- Try it:
Entries below include pictures. Output exactly the lines from the one with "We're in the" down to the one with "Find your landmarks", both ends included, and leave the pictures out.

- Information supplied:
========================

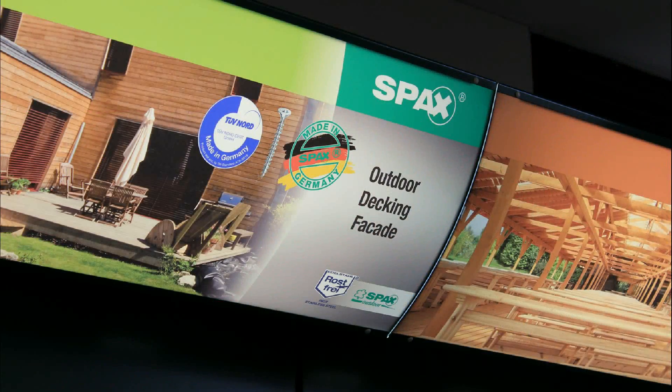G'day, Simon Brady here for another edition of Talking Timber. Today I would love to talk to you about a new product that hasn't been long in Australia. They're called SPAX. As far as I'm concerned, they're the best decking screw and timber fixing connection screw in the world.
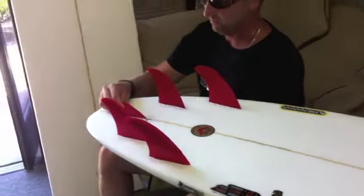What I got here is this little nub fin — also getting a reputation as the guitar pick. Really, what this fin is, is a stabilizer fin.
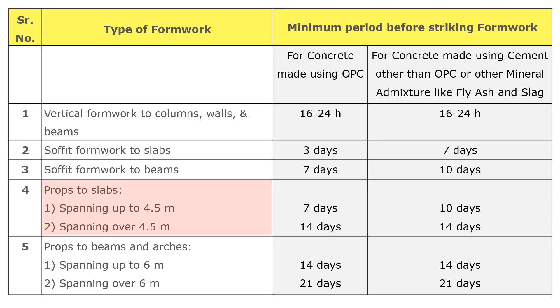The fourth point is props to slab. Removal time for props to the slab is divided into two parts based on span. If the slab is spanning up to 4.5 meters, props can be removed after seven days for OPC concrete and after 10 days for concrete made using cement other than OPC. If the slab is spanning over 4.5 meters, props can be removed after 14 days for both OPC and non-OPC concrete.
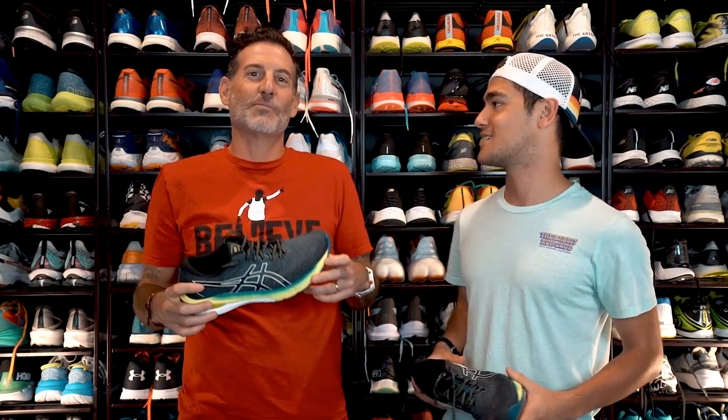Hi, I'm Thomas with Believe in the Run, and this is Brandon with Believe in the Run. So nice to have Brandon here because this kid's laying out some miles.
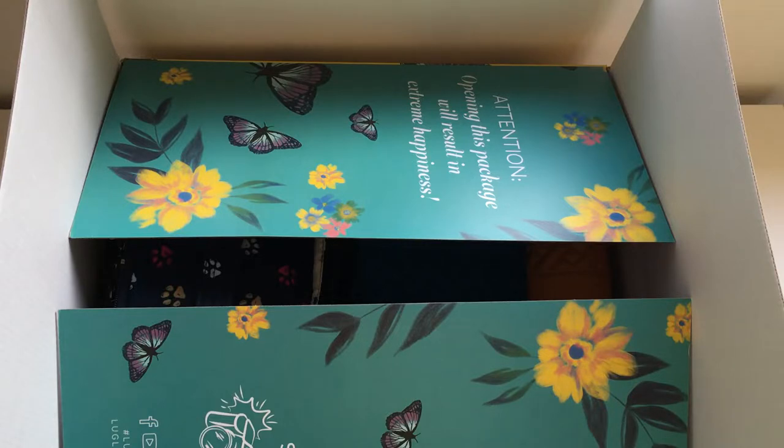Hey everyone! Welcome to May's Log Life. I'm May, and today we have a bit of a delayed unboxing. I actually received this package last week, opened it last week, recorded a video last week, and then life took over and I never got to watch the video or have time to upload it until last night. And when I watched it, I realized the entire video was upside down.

========================

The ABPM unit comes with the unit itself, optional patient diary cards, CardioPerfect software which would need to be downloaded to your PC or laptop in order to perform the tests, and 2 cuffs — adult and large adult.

========================

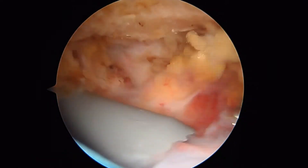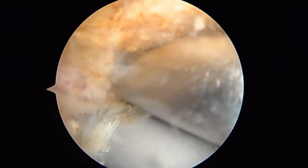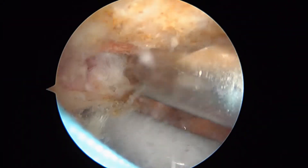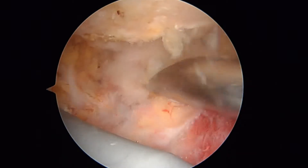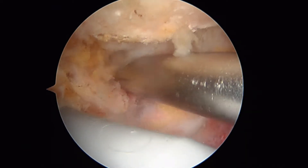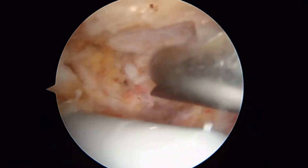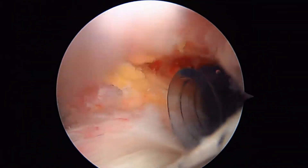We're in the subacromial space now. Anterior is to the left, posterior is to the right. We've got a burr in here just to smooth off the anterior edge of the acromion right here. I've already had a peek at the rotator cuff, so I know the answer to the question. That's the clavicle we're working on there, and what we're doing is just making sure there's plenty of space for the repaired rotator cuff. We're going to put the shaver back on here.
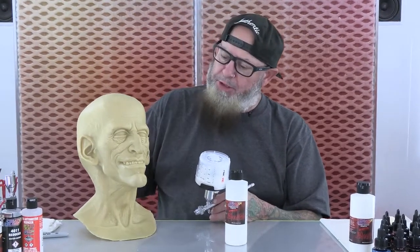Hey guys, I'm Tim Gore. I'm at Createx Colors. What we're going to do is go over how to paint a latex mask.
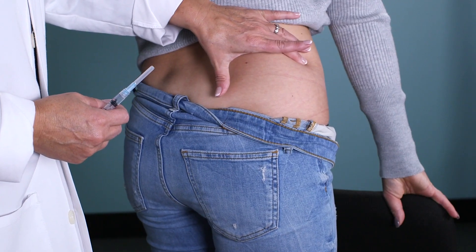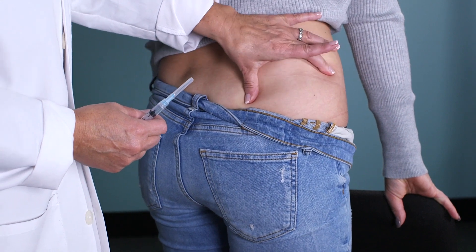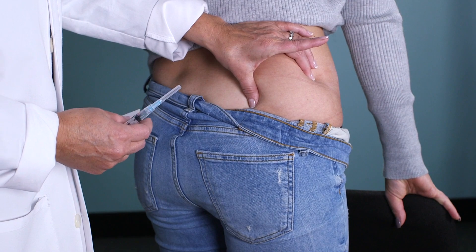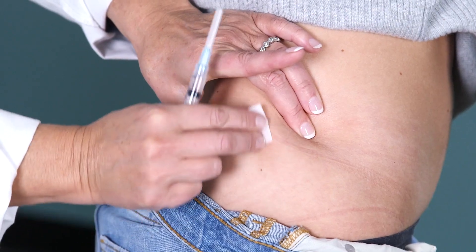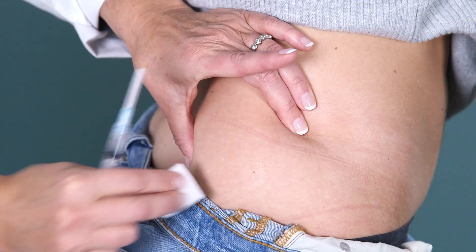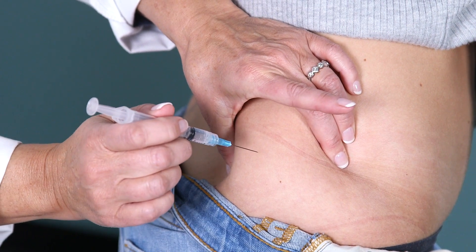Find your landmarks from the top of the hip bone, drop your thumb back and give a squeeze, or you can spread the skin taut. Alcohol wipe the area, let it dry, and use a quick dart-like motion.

========================

- Solution:
We're in the subacromial space now. Anterior is to the left, posterior is to the right. We've got a burr in here just to smooth off the anterior edge of the acromion right here. I've already had a peek at the rotator cuff, so I know the answer to the question. That's the clavicle we're working on there, and what we're doing is just making sure there's plenty of space for the repaired rotator cuff. We're going to put the shaver back on here.
Hey guys, I'm Tim Gore. I'm at Createx Colors. What we're going to do is go over how to paint a latex mask.
Find your landmarks from the top of the hip bone, drop your thumb back and give a squeeze, or you can spread the skin taut. Alcohol wipe the area, let it dry, and use a quick dart-like motion.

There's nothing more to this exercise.